Becoming a Picture Book Scholar

   Ann Whitford Paul talks about the importance of picture book writers to
   become picture book scholars. She believes that a picture writer must read
   and study a lot of picture books before (s)he could write her own book. And
   this makes a lot of sense. Today, I want to reflect on the concept of becoming
   a picture book scholar.
   Picture book writers should spend an ample amount of time reading
   picture books. It would be especially helpful if you looked at most of the new
   picture books that come into your local library.  Just make it a habit to read
   ten or more picture books per week.  This will keep you seeped in the rhyme
   and structure of picture books.
   But when you set out to read a picture book, don’t simply read from cover
   to cover and put it away. You must study the picture book, especially ones
   that really appeal to you. Think about the book. Think about the story line.
   Does it appeal to you?

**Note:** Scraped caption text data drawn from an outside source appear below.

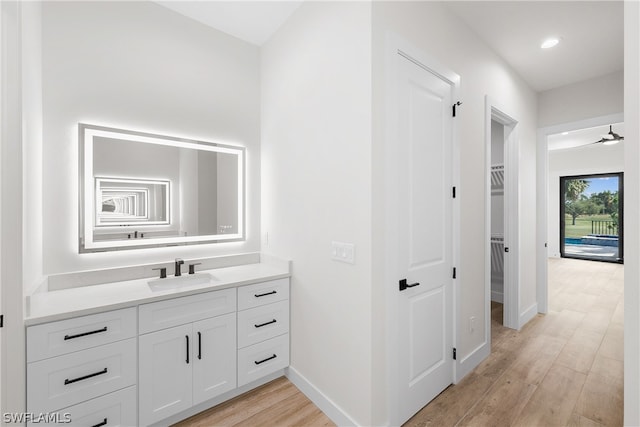 bathroom featuring ceiling fan, vanity, and hardwood / wood-style flooring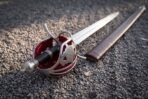 Black leather grip banded twice in silver wire, a faceted ball pommel closing the hilt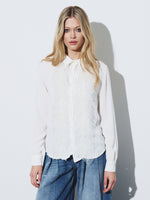 Front ruffle detail blouse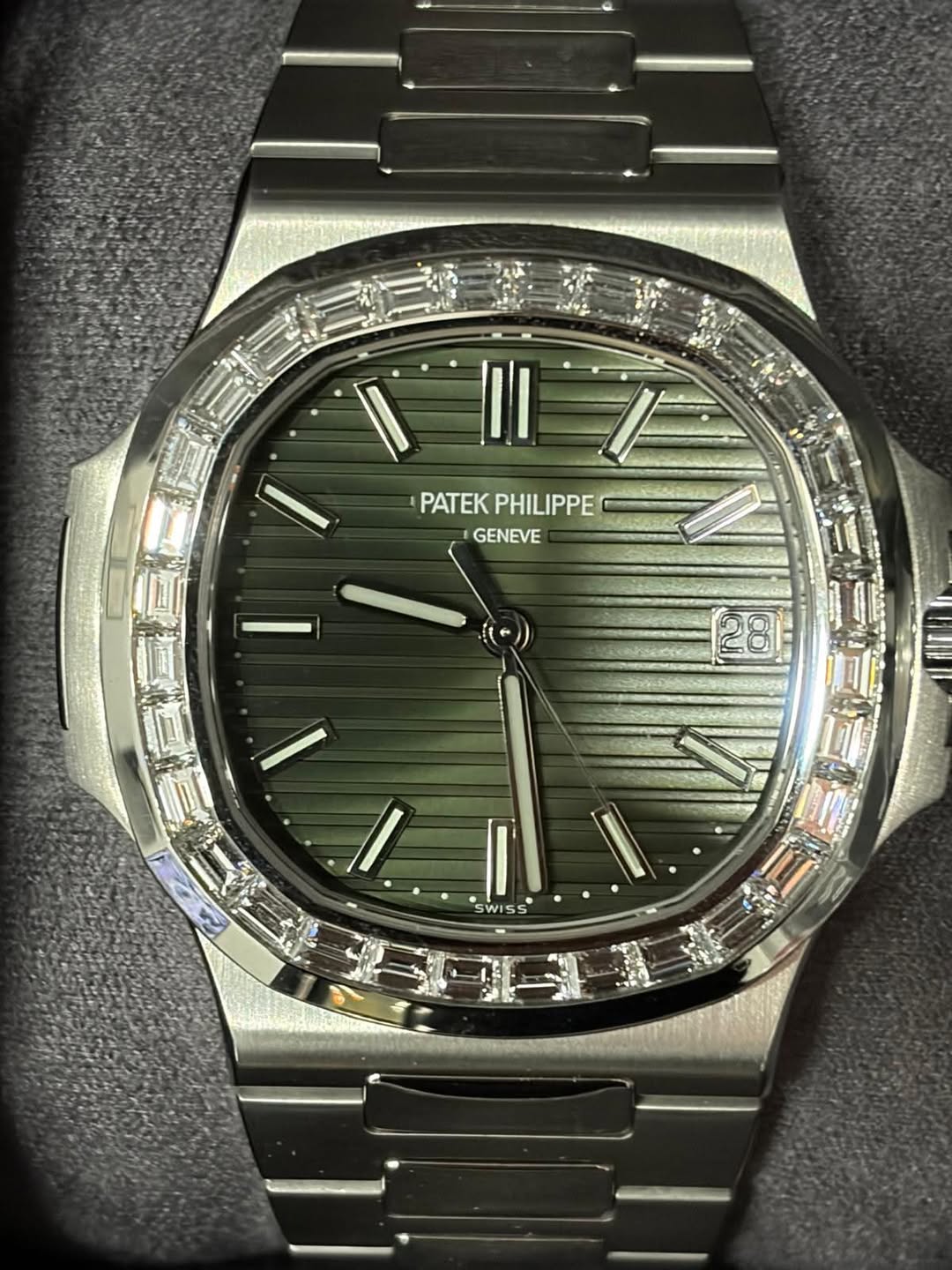 May be an image of wrist watch and text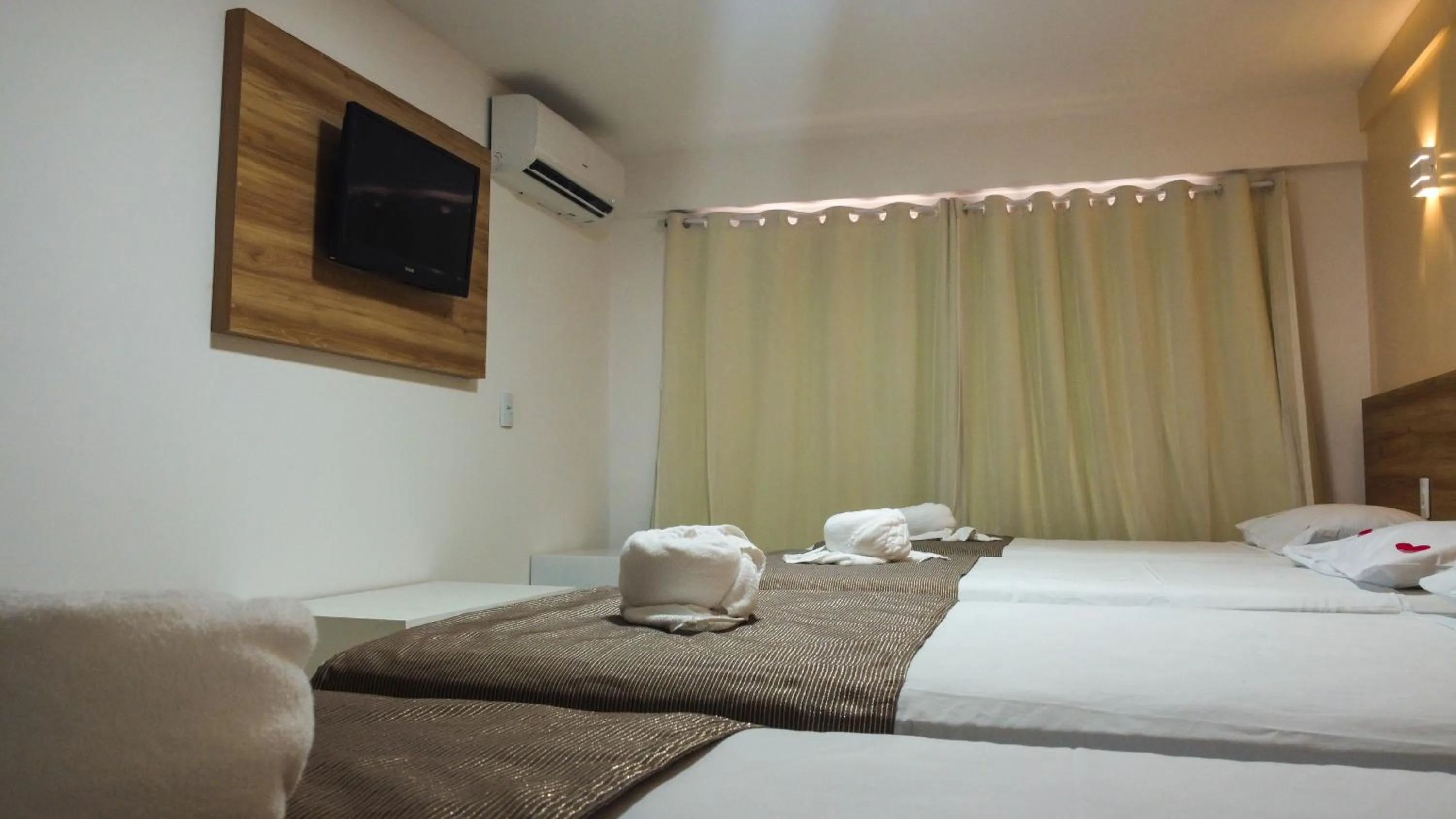 Bed in Pousada Jardins Tropical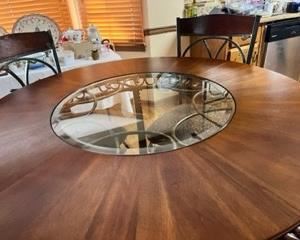 Top detail of kitchen table. Glass is tempered and shatter resistant, and removable for cleaning.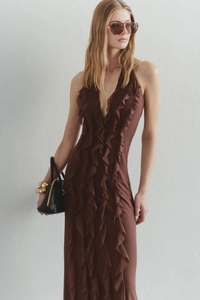 Detail view of the chocolate brown halter dress featuring tiered ruffles and a deep V-neckline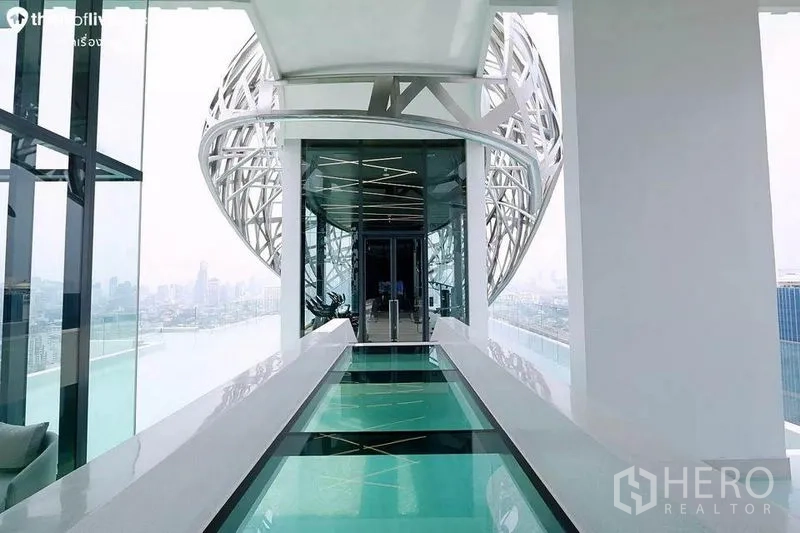 Condominium for rent in Watthana, Bangkok - Glass sky bridge above the pool leading to fitness facilities with skyline views.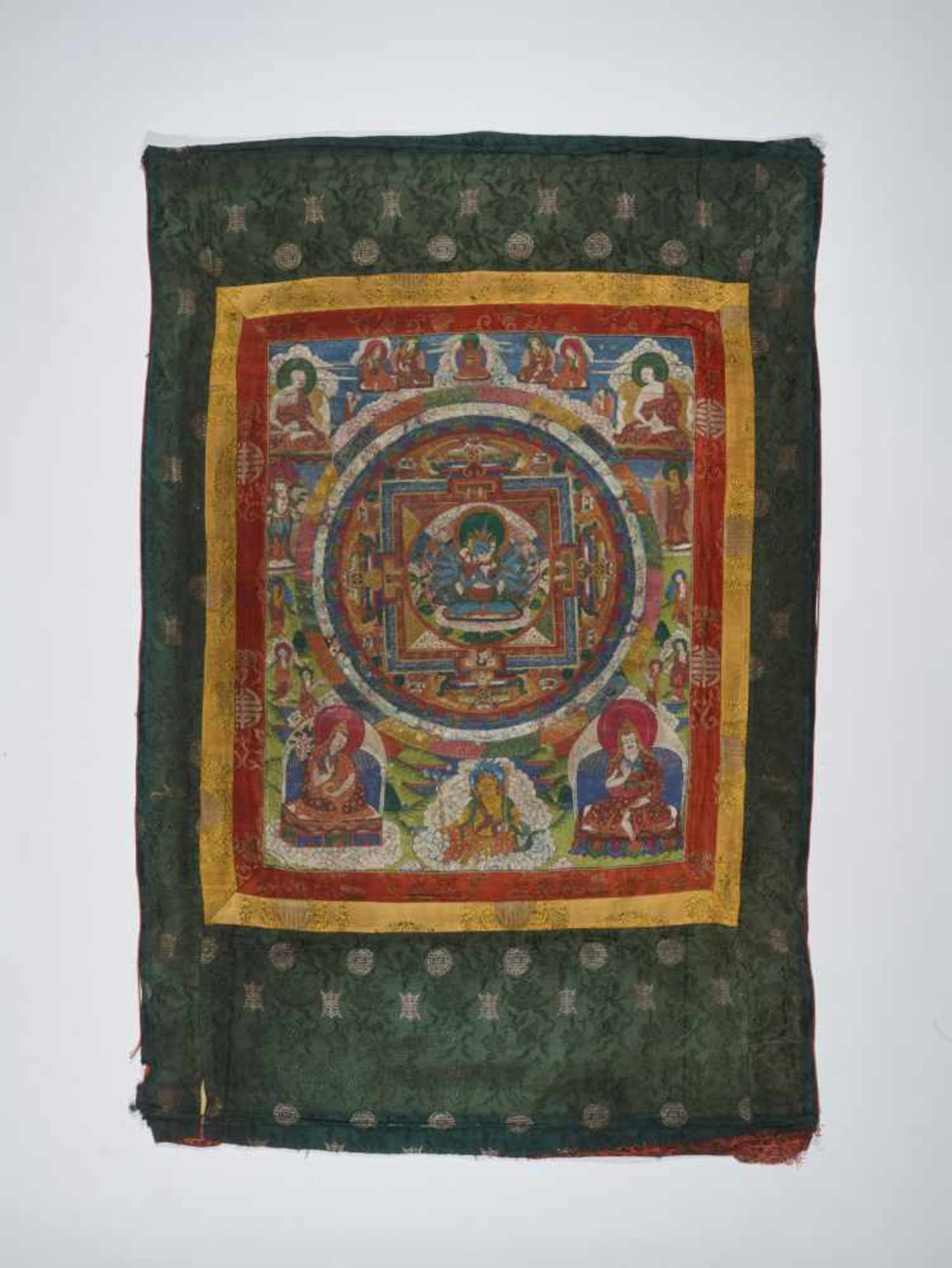 A FIGURE FILLED MANDALA THANGKA WITH CHAKRASAMVARA IN YAB YUM Distemper and gold paint on cloth, - Bild 2 aus 5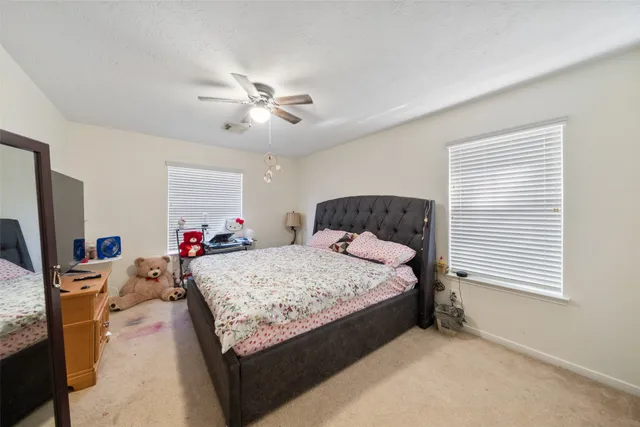 a bed room with a bed mirror and a window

Is it a topic that you would like to tackle?
   Take notes on the book. How many characters are in the book? What is the
   role of the main character? If you had to write a story on this topic, would
   your main character act in a similar way? Or would your main character act
   more passively or aggressively?
   Study what works for you in the story.  Write it down. Write down what
   doesn’t work or doesn’t appeal to you as well.  This is invaluable information
   when you write your own picture books.
   If an author really appeals to you, you may want to read several books by
   the same author. What topic does (s)he like to write about? Is (s)he better at
   writing on one topic rather than another? Which topic do you think (s)he is
   best able to write about? By answering these questions, you will be carving a
   niche for yourself in writing picture books.          
   ~ Happy Reading!
   ~ Irene


2 thoughts on “Becoming a Picture Book Scholar

  1. This is terrific advice for aspiring writers and absolutely supported by the information shared with me by authors who’ve contacted me in connection with my Picture Books blog. Since picture book format is so short, many writers have said that the challenge is not what to put into your book, but what to leave out. Also, if you’re not illustrating your own work, you need to think about how you writing will support the images, and vice versa. Again, great advice! And after reading hundreds of books, you should still look for your own special “slant” to make something that is original.

  2. Hi Keith,

    Writing picture books is really hard work! And knowing what to include and what to delete is very, very difficult and takes a lot of practice.

    Thanks so much for visiting and for sharing your expertise.